The problem is that in the header-only case defining "int a" means you can only import the header from a single source file. With "static int a" the visibility is wrong. And if you did "extern int a" linking would fail because the symbol is never assigned to a translation unit.

2 comments

Header-only libraries sometimes require you to define those externs in exactly one "impl" file, which you compile and link to your artifact. Something like this:

    // libfoo_impl.c
    // or in some other translation unit, such as main.c
    #define LIBFOO_IMPL
    #include "vendor/libfoo.h"

    // main.c
    #include "vendor/libfoo.h"
    
    int main() {
      foo_inc();
      printf("%d\n", foo_count);
      return 0;
    }

    // vendor/libfoo.h  
    #pragma once
    extern int foo_count;
    void foo_inc() {
      foo_count += 1;
    }

    #ifdef LIBFOO_IMPL
    int foo_count = 0;
    #endif
main.c and libfoo_impl.c both include libfoo.h, which declares foo_count with the right linkage, but the variable is only defined once, in whichever translation unit defines LIBFOO_IMPL.

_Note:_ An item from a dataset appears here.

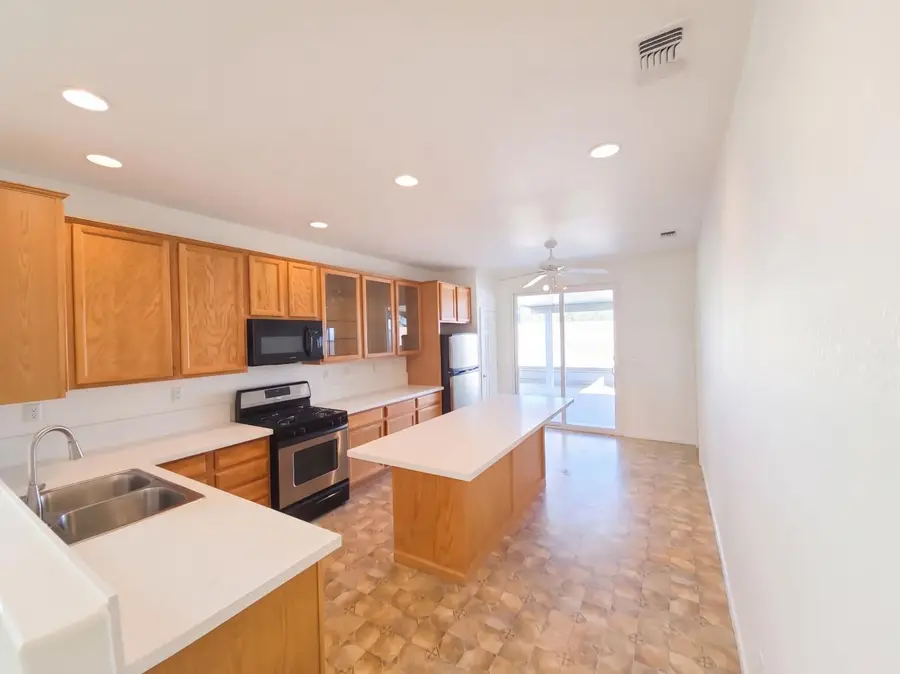 8888 Billfish Way, Sacramento, CA 95828 - #2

Occasionally you'll find a header library which supports this _IMPL paradigm as an option to avoid inlining its functions in every translation unit that calls them.

You're misunderstanding. I'm saying you can have multiple identical `int a;` across multiple translation units and it will point by default to a single global variable across the program. So you can include a single header from multiple places, and you just get a single shared global variable, if the header contains `int a`.